YOUR ASSIGNMENT: Transcribe the records below word for word, beginning with the first line and stopping after the line that contains "LABOR DAY WEEKEND - NO UYFA EVENTS ALLOWED"; pictures are not part of the copy.

***** DATA EXTRACT

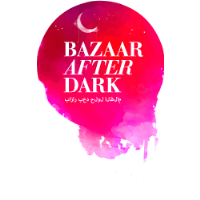 Bazaar After Dark | Brillion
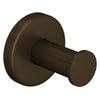 ROHL Lombardia® Robe Hook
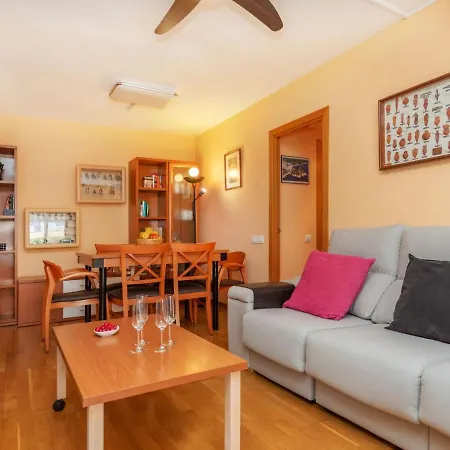 Silves By Interhome *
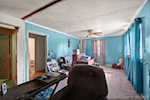 104 Spring St Charlestown IN 47111 | MLS 202507611 Photo 26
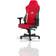 Noblechairs Hero Series Gaming Chair - Iron Man Edition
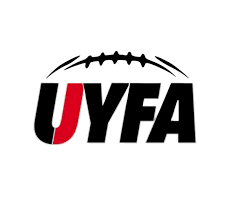 LABOR DAY WEEKEND - NO UYFA EVENTS ALLOWED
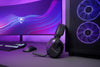 Turtle Beach Stealth 600 Gen 3 Headset Wireless Head-band Gaming Bluetooth Black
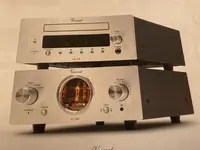 Tonon Radio-tv-hifi - Riparazioni Radio TV Locarno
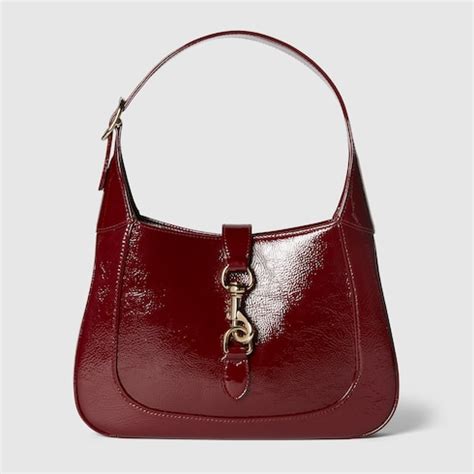 gucci online saldi uomo|gucci rosso ancora bag.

**********

RESULT OF THE EXERCISE:
 Bazaar After Dark | Brillion
 ROHL Lombardia® Robe Hook
 Silves By Interhome *
 104 Spring St Charlestown IN 47111 | MLS 202507611 Photo 26
 Noblechairs Hero Series Gaming Chair - Iron Man Edition
 LABOR DAY WEEKEND - NO UYFA EVENTS ALLOWED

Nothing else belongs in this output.